Making Cheating Easier on Wall Street: CTFC Budget Cuts

David Callahan

A basic reason that people break rules is that they believe they can get away with it. And you're more likely to think that you can cheat without consequence if you know that watchdogs won't bark, much less bite.

This observation doesn't just jive intuitively with our understanding of human nature, it also squares with lived reality. Fewer police means more crime. No drug testing in baseball means an epidemic of steroid use. Rare audits mean more tax cheating. And so on.

Wall Street, of course, is the mother of all case studies of how lax oversight leads to more cheating. Here, in the world of big money, the incentives for bad behavior are astronomically high -- especially given how huge fortunes can be made before the market imposes any punishments for cheating (a corrective that libertarians believe, wrongly, can deter most wrongdoing).

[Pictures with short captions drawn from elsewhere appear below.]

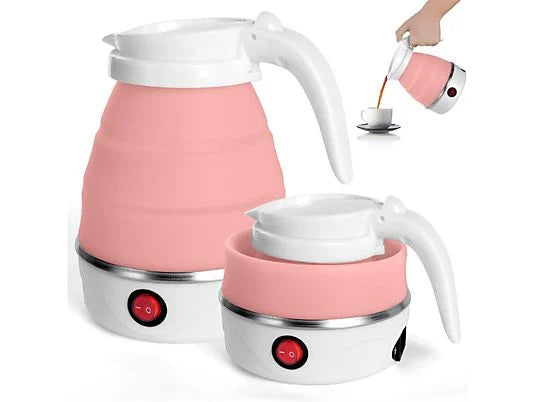 Chaleira de viagem portátil e dobráve - Mini compacta para acampamento
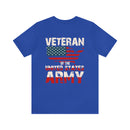 United States Army Veteran: Military Design T-Shirt Honoring Service and Sacrifice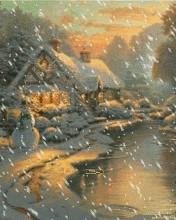 Падает снег АНИМАЦИЯ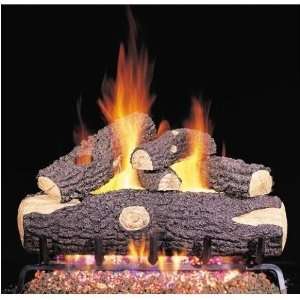  Peterson Gas Logs 18 Inch Woodland Oak Vented Natural Gas Log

You'd think that this simple truth would be fresh in people's minds, with the U.S. still grappling with the aftermath of a financial crisis that was brought on, in part, by widespread cheating by banks, mortgage brokers, and various other players.

Apparently not.

This week Congress decided to give the Commodity Futures Trading Commission, a key Wall Street watchdog which polices the derivatives market, a third less money than the Obama Administration had requested. That means that the CFTC will not only have a hard enough time doing its current job, but will find it difficult to implement the Dodd-Frank law. That's exactly the point, of course: Republicans hate Dodd-Frank and want to neuter this legislation. Since they can't repeal it, the next best thing is to defund efforts to implement the law.

This attack on the CFTC comes, ironically, even as we are being reminded about why we need watchdogs on Wall Street. Some $600 million in customer money is still missing at MF Global and the CFTC is in charge of getting to the bottom of this mystery. And the MF Global meltdown may not have happened at all if the CFTC had been a tougher, more powerful regulator.

The MF Global bankruptcy is tiny compared to past financial disasters. But it's worth noting that the amount of money that its customers may end up losing, just from the missing cash alone, is roughly three times larger than the entire annual budget of the CFTC.